───── DATA FOR THE TASK ─────

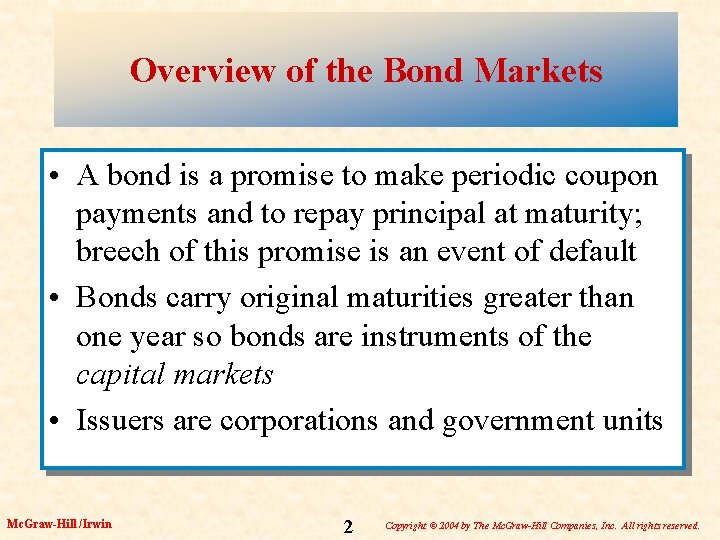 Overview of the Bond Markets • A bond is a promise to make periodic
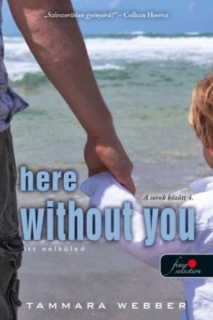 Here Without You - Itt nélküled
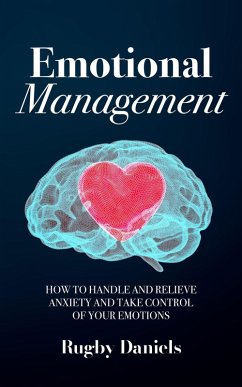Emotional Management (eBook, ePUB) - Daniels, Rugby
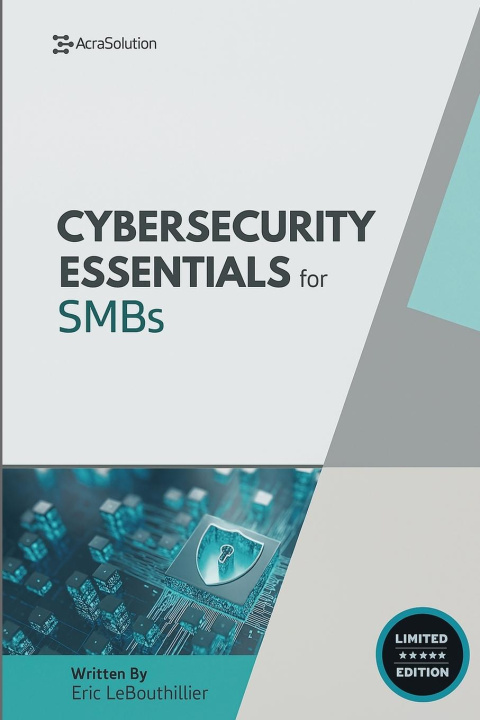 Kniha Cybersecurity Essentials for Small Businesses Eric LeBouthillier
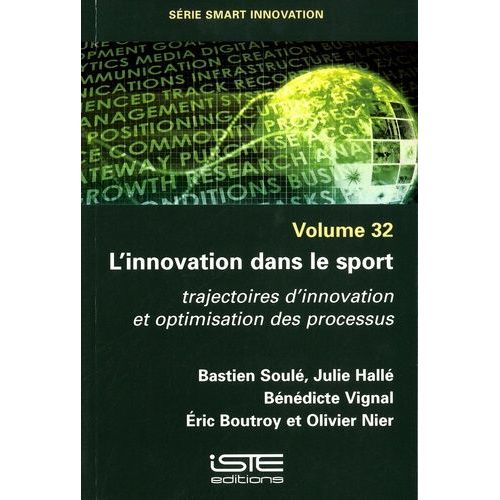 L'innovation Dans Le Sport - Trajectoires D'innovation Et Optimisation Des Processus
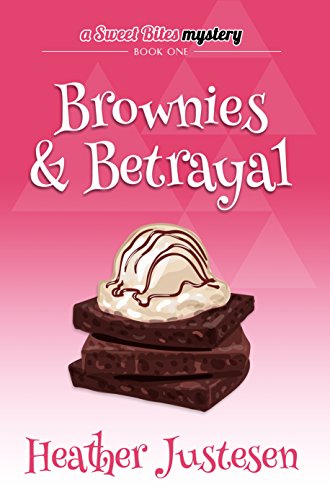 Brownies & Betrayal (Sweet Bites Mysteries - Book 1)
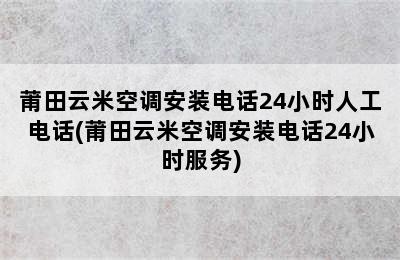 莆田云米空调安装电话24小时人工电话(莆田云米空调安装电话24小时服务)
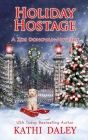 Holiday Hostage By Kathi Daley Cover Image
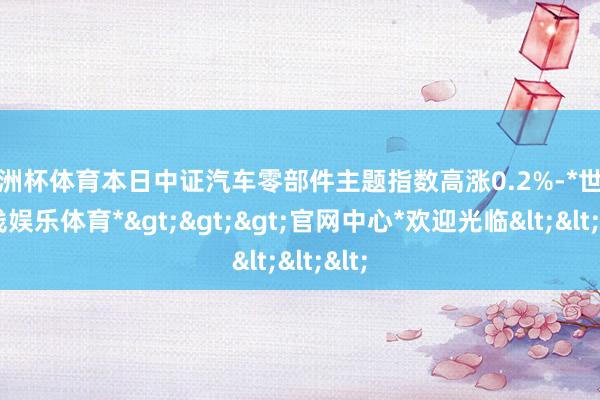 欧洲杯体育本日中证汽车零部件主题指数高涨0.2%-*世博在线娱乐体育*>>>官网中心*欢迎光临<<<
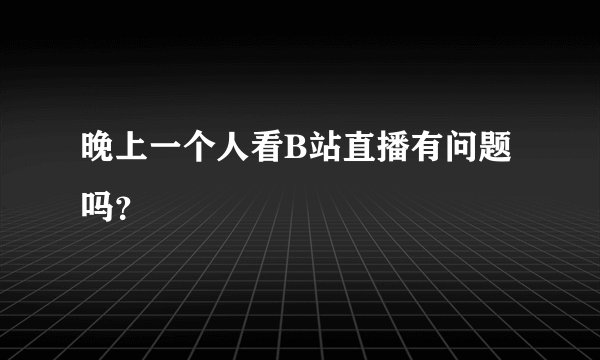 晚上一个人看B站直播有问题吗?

─────

**ASSIGNMENT**
From the line containing "L'innovation Dans Le" to the final line above, both included, transcribe every line exactly and leave all pictures out.

**RESPONSE TO THE EXERCISE**
 L'innovation Dans Le Sport - Trajectoires D'innovation Et Optimisation Des Processus
 Brownies & Betrayal (Sweet Bites Mysteries - Book 1)
 莆田云米空调安装电话24小时人工电话(莆田云米空调安装电话24小时服务)
 Holiday Hostage By Kathi Daley Cover Image
 欧洲杯体育本日中证汽车零部件主题指数高涨0.2%-*世博在线娱乐体育*>>>官网中心*欢迎光临<<<
 晚上一个人看B站直播有问题吗?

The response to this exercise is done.